Ganor is suspected of money-laundering, bribery, conspiracy and fraud; while Bar-Yosef, who played a key role in the approval process for the sub deal and helped prepare the government’s official opinion approving the purchase, is suspected of bribery, conspiracy, breach of trust and money-laundering.
During the court hearing on extending their remand, Ganor’s lawyer claimed his client was innocent of all charges.
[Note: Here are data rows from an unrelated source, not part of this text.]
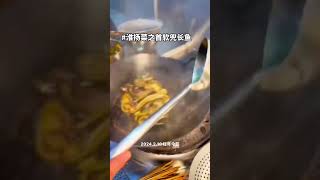 淮安软兜？有详细制作流程# 餐饮配方技术 #amazing #chinesefood #cook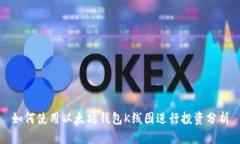 如何使用以太坊钱包K线图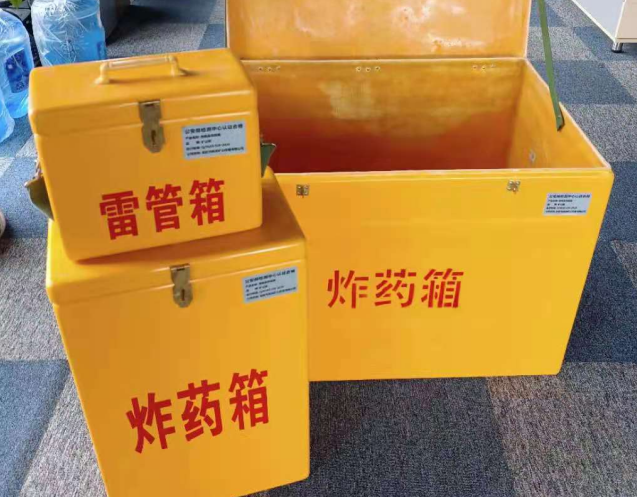 唐县炸药箱雷管箱使用注意事项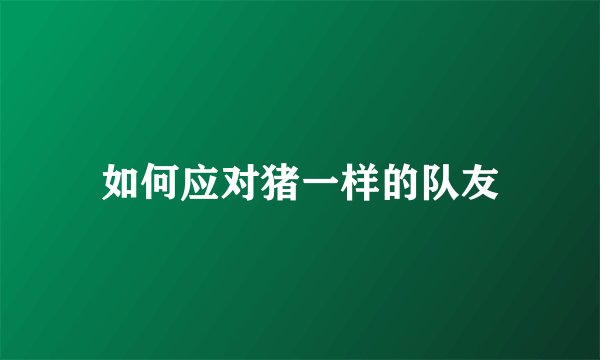 如何应对猪一样的队友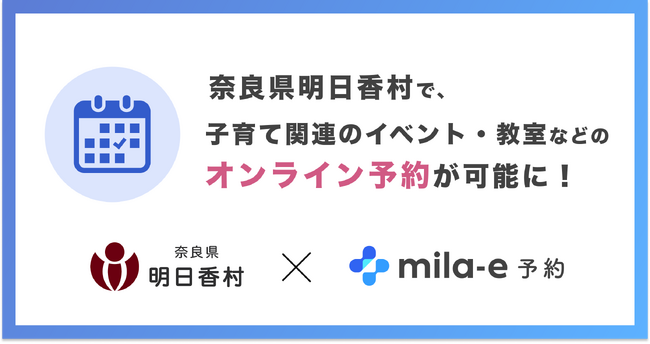 ミラボ、奈良県 明日香村で 子育て支援のオンライン予約「mila-e 予約」提供開始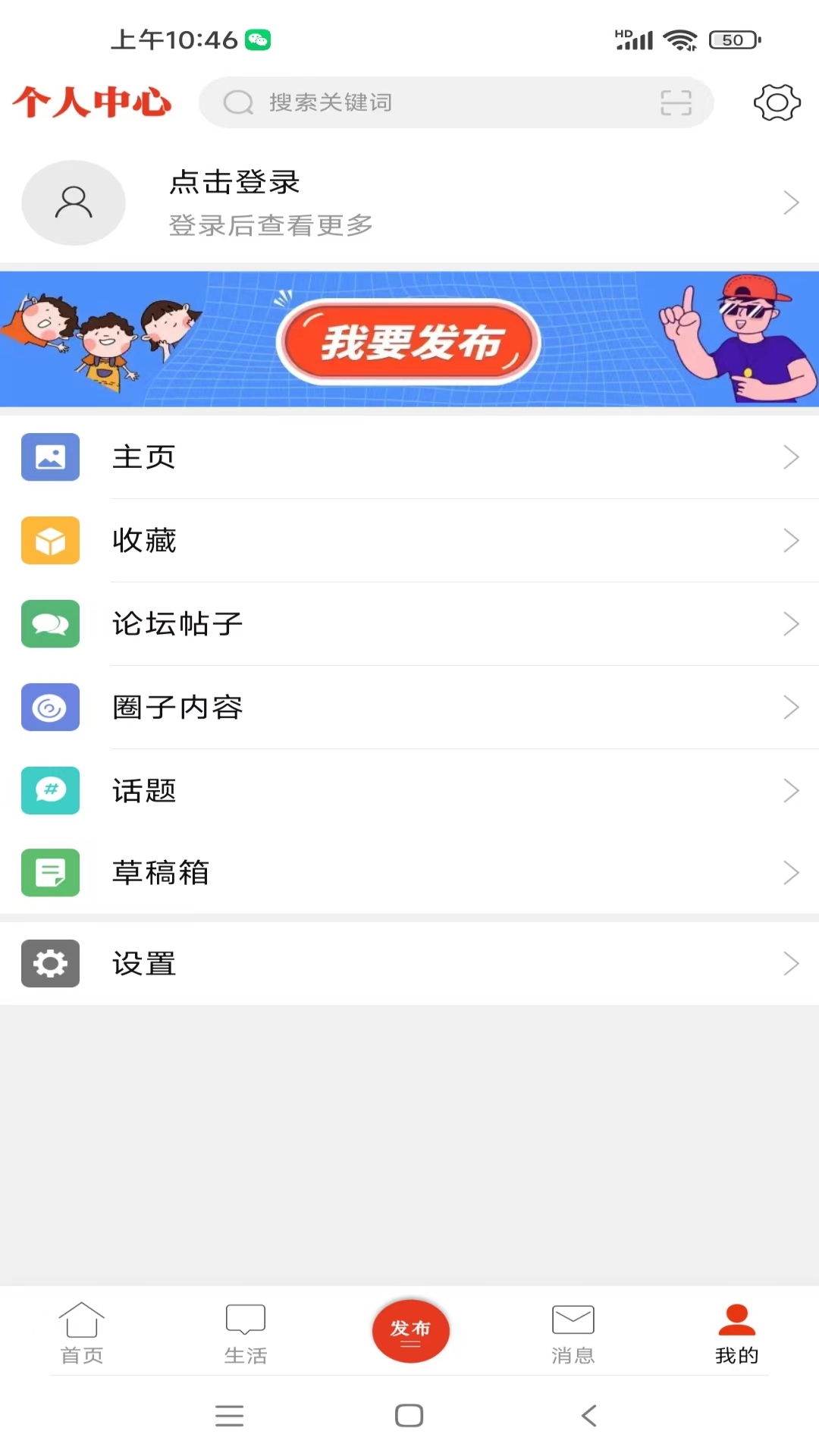 截图4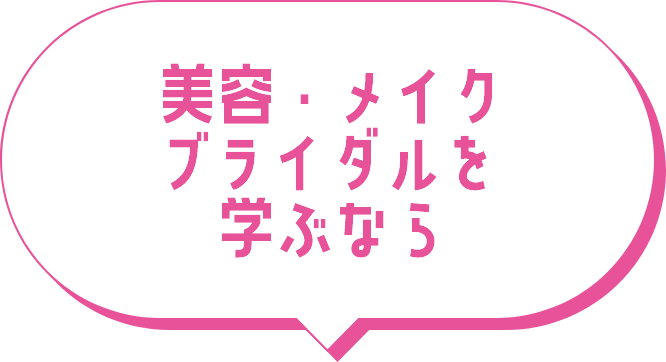 美容・メイクブライダルを学ぶなら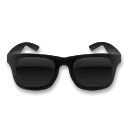 Sötét napszemüveg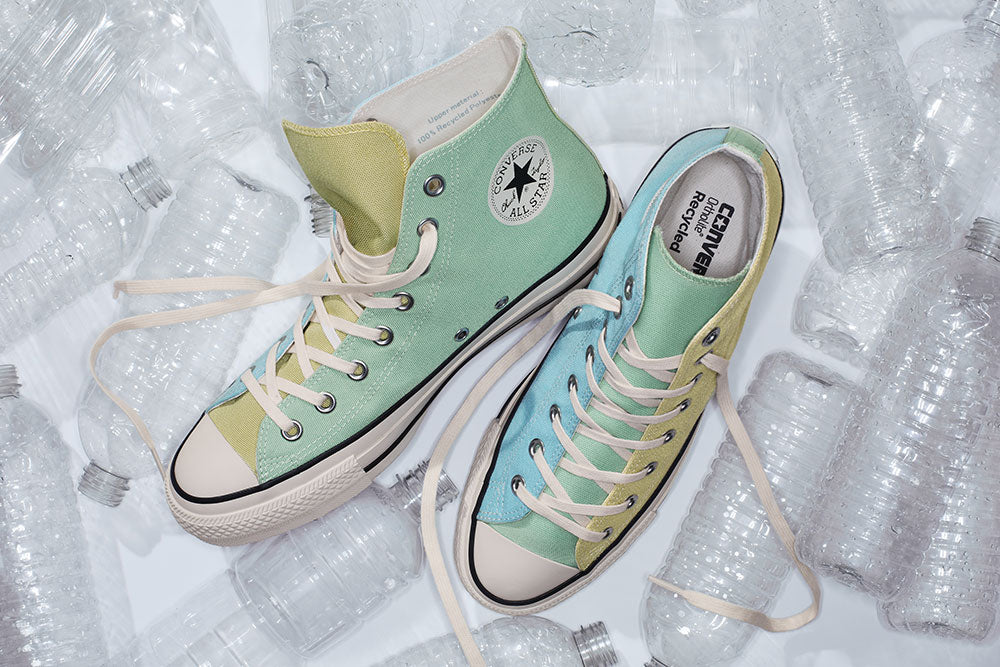 ALL STAR PET-CANVAS CC HI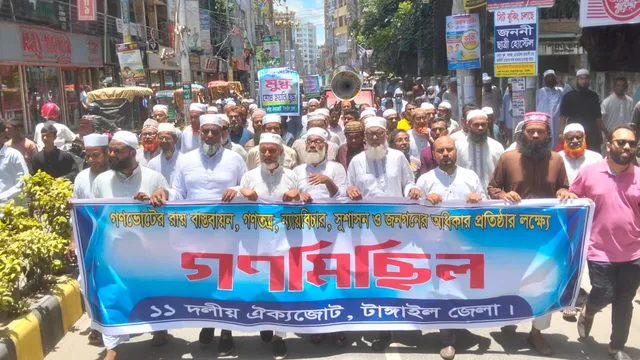 গণভোটের রায় বাস্তবায়নের দাবিতে টাঙ্গাইলে ১১ দলের গণমিছিল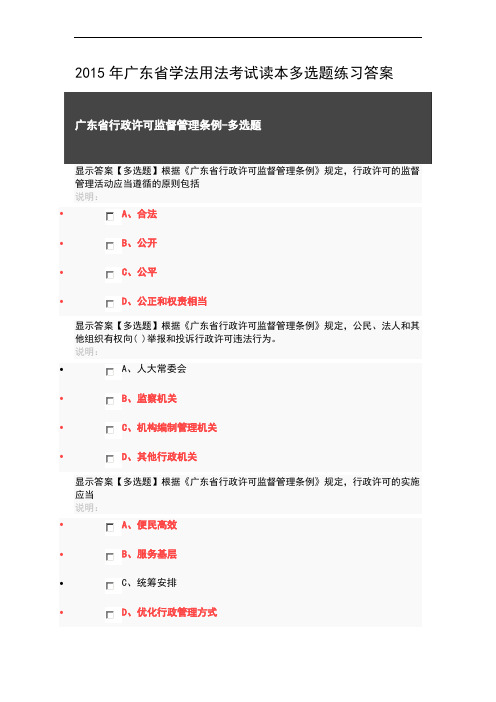 2015年广东省学法用法考试读本多选题练习答案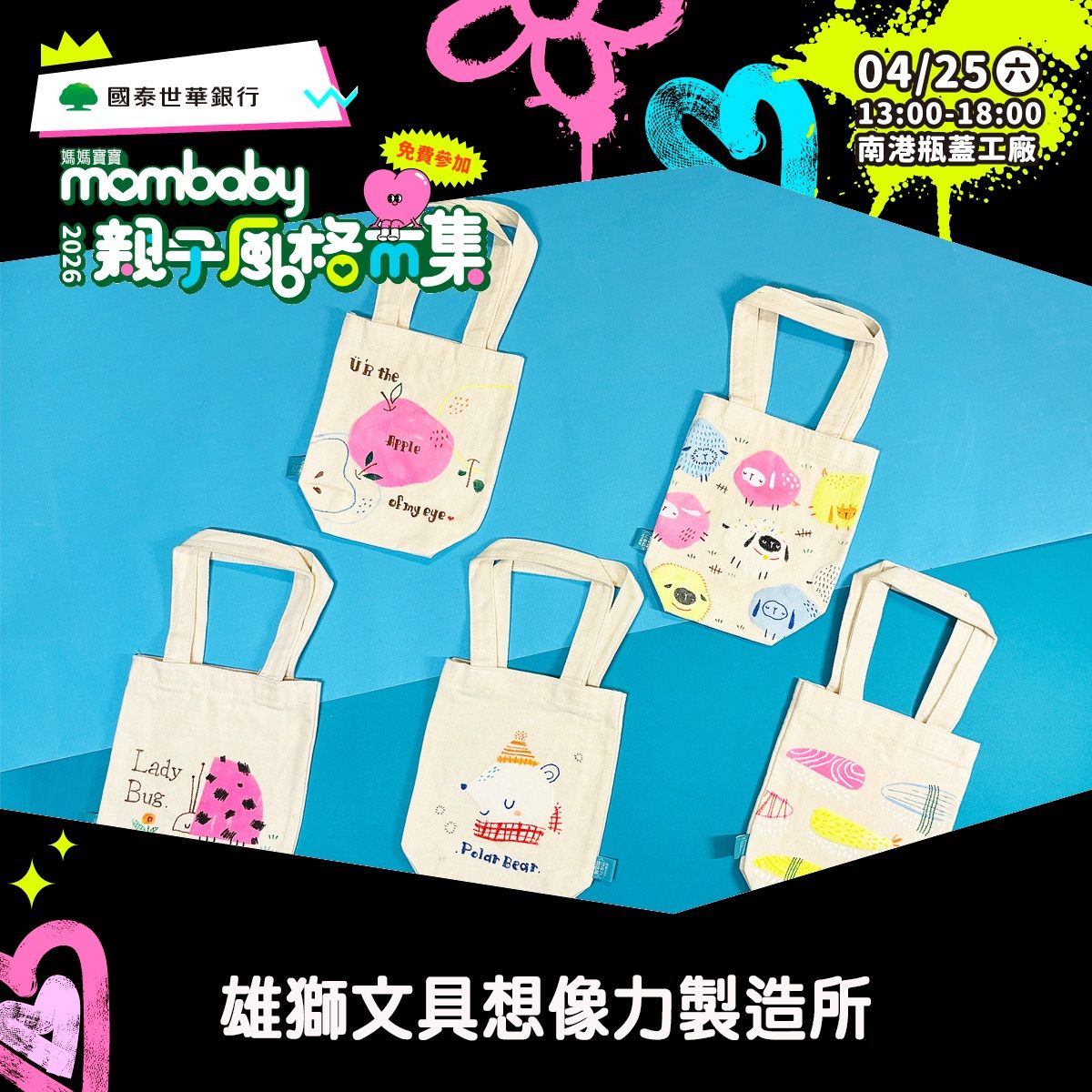 媽媽寶寶親子風格市集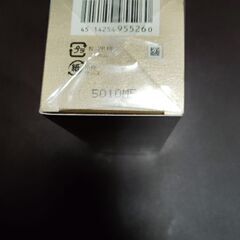 元値　12000円　クレ・ド・ポーボーテ　ローションイドロC n (レフィル)　170mlの画像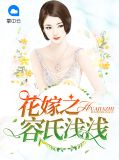 花嫁之容氏浅浅容祁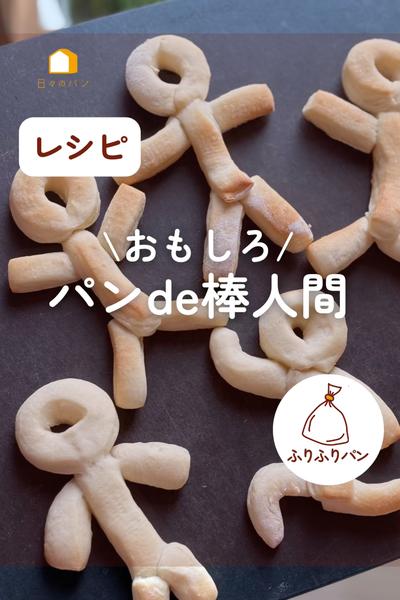 おもしろ！パンで棒人間🕺いろんなポーズを作ろう！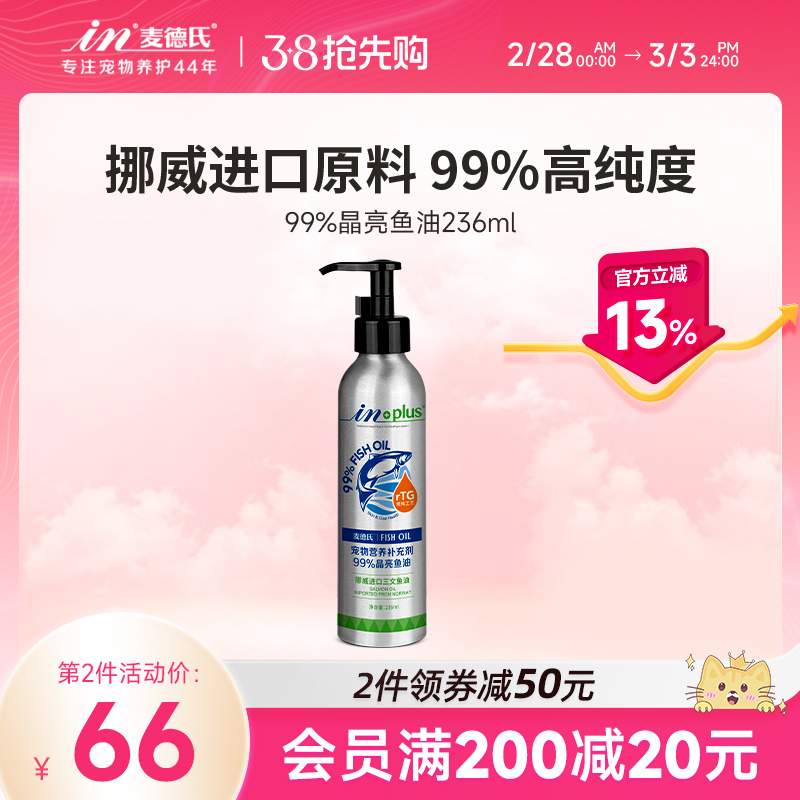 麦德氏三文鱼油猫用99%浓度犬用宠物鱼油狗狗专用防掉毛猫咪鱼油
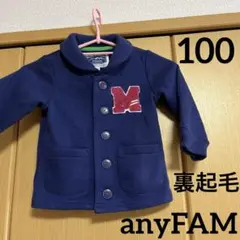 Item thumbnail for item 90da83a4-cd64-4d03-84db-e780e31b3f95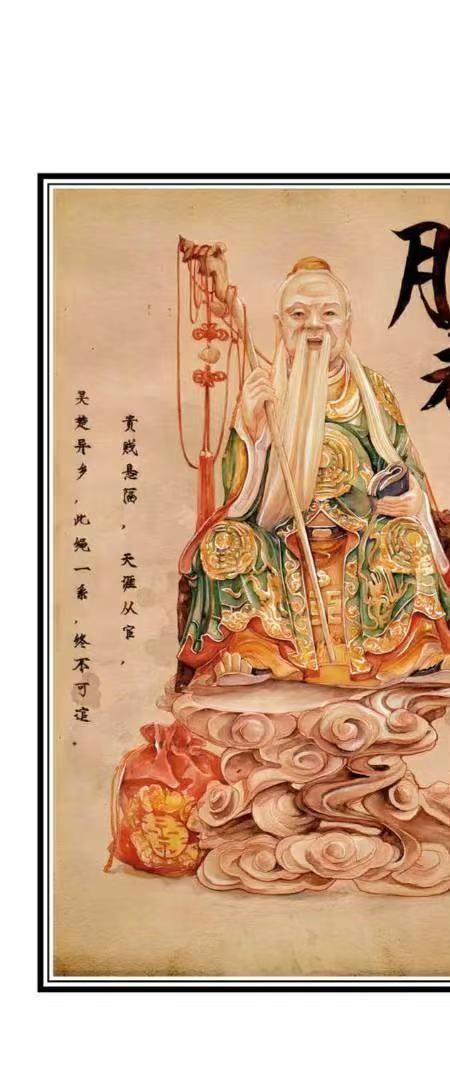 月老合婚真经.pdf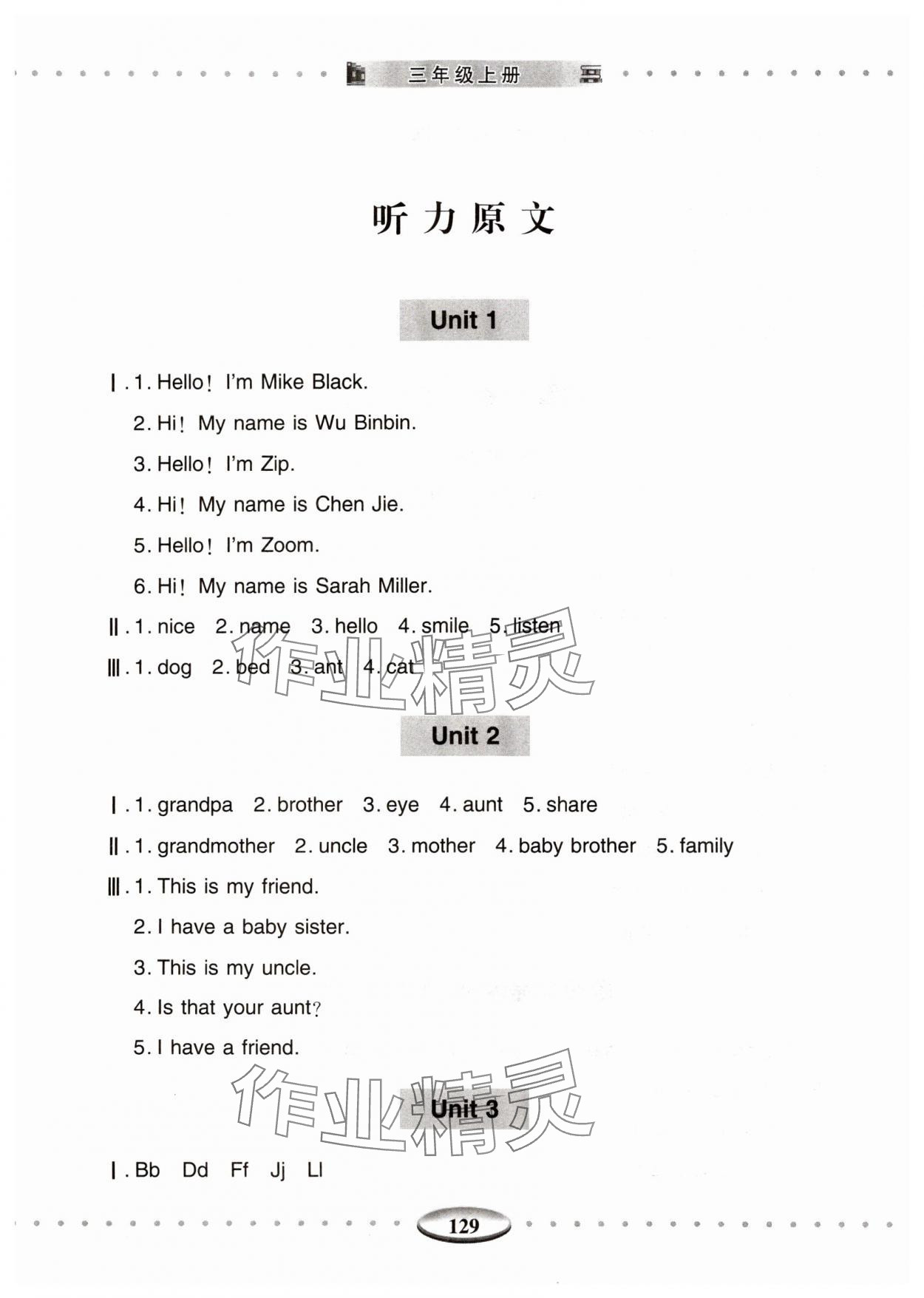 2024年學習與探究三年級英語上冊人教版 第1頁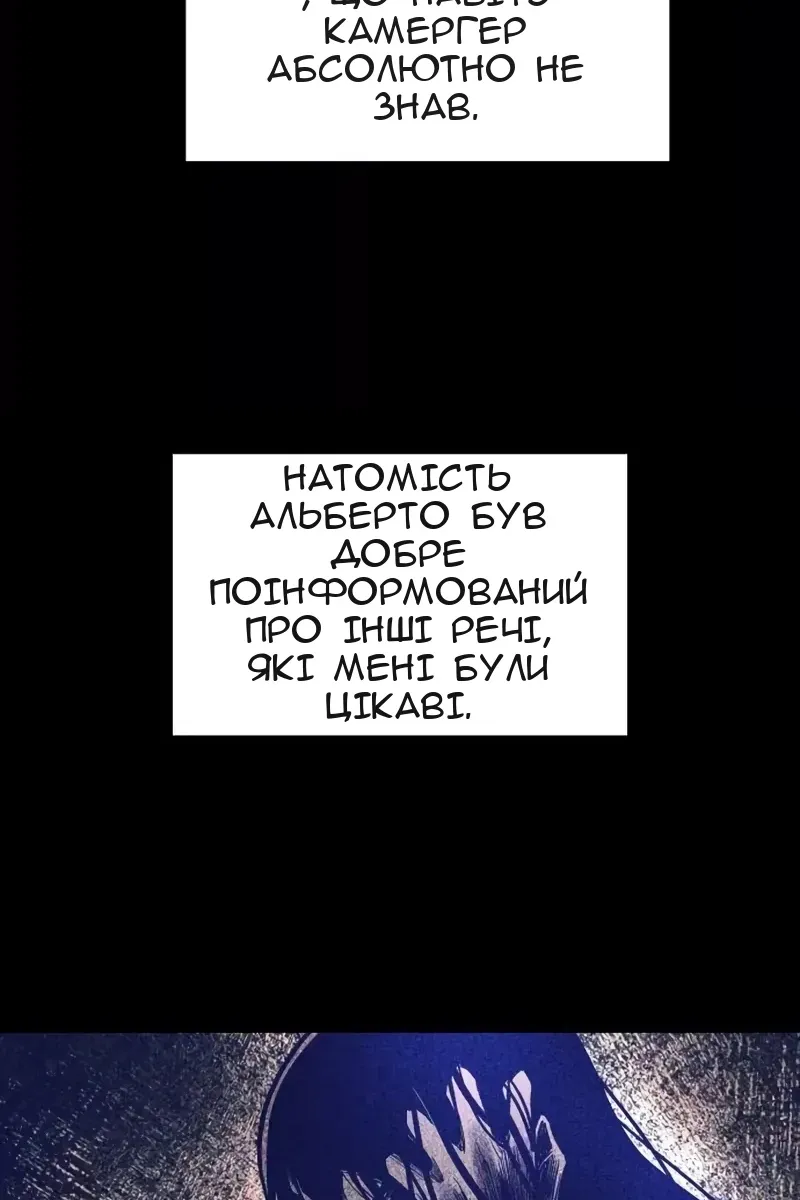 Сторінка 79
In response, Judge Einat Ron said: “In the first decision on the detention I noted that the material collected by the police contains a reasonable suspicion [of a crime]. This suspicion has now grown stronger with the developments in the investigation,” she said.
The police said the evidence has strengthened its suspicions against Ganor, and the police presented the court with a 48-page confidential report about Ganor’s involvement.
Ron rejected the claims by the attorneys for the two, in which they fought the extension of their detention, saying the great amount of publicity the case has received in the press means it would make it impossible for them to obstruct the investigation – and therefore they should be released to house arrest. The judge said given the nature of the investigation and the suspicions, any possible obstruction of justice must be prevented and house arrest is not an acceptable alternative.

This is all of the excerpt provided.